Your guide to California's Assembly District 54 race: Los Angeles


The Times asked the candidates to respond to written questions about how they would address major issues if elected to the Legislature.

Gonzalez said he would tackle homelessness by making it easier to build affordable housing, converting commercial units into residential property and creating programs that give families access to capital so they can own a home.

“The homelessness crisis in California and L.A. County is out of control and demands urgent action from our elected leaders,” his campaign website states. Gonzalez has vowed to work with Los Angeles Mayor Karen Bass to provide affordable housing, drug treatment, mental health and job training services to the homeless along with investing in a new framework in California that aims to connect people grappling with mental health and substance use with a court-ordered plan to address those issues for up to 24 months.

Yi also wants to make it easier to build more affordable housing. The candidate added he would increase mental health services and shelters in public spaces, parks and transit stops.

“We need to stop our neighbors from falling into homelessness with more rent control and relief to those on the edge of eviction,” Yi said in a statement. On his campaign’s website, Yi said he would invest in programs such as community land trusts and nonprofit community development organizations to spur the building of more affordable housing. Yi wants to repeal California laws that limit rent control, proposals that have so far failed in the Legislature and on the ballot.

Alaniz said she would address homelessness through better mental health services.
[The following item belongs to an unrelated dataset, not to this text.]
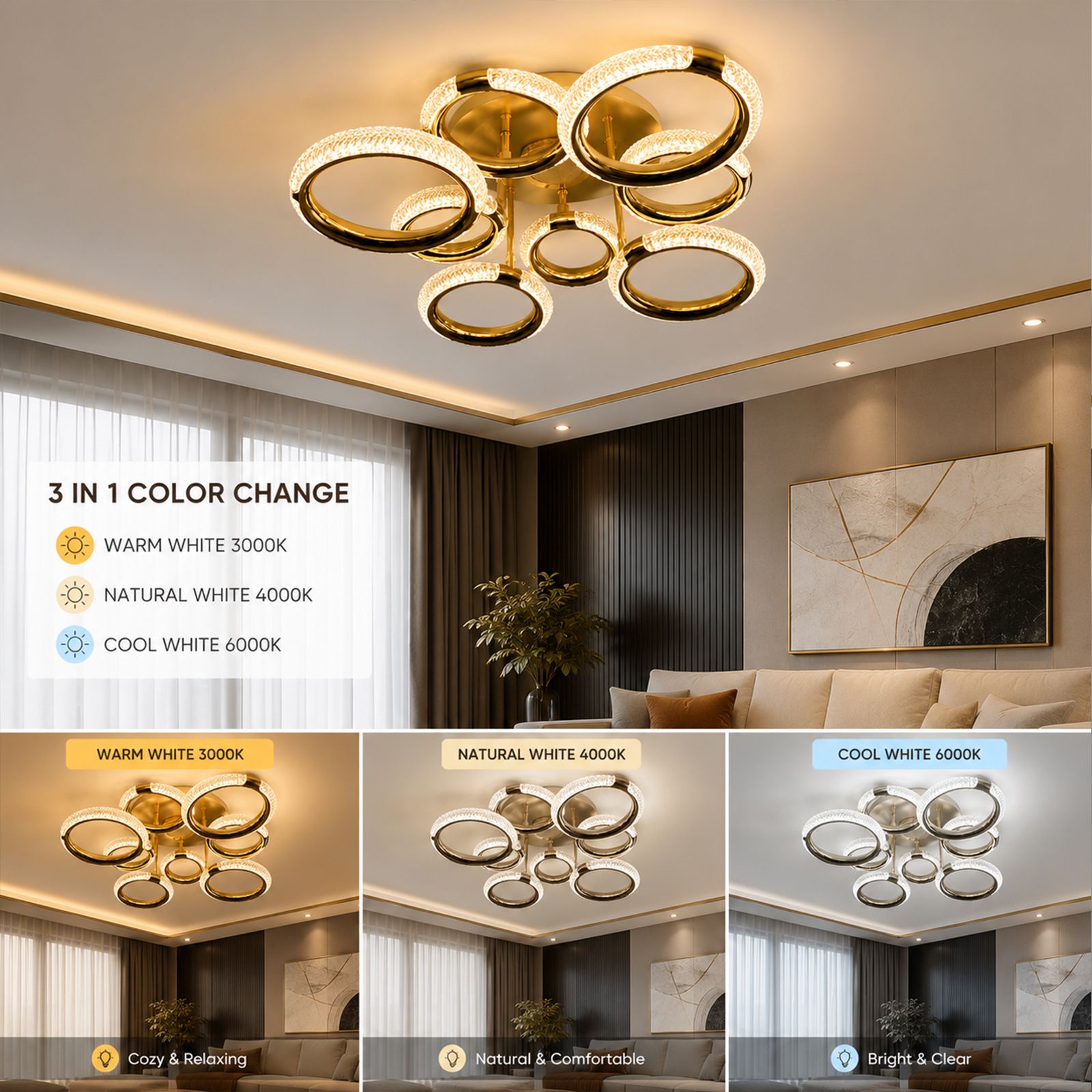 eve hanger 4+4 ring jhumer with remote and bluetooth Ceiling Light Ceiling Lamp-picture-27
She said she would support reopening mental health care facilities and increasing staffing but also expressed concern about the costs to taxpayers.

“We must help the unhoused in our communities but we must also be good stewards and manage the funds of the people,” she said in a statement. “I will also strive for accountability practices of the funding being spent on these programs.”

Californians will also vote on a $6.8-billion bond measure this year known as Proposition 1 that aims to address homelessness by funding more than 11,000 new treatment beds and supportive housing units along with mental health and drug addiction treatment. Gonzalez said he supports Proposition 1, while Alaniz said she opposes the measure. Yi said he was undecided.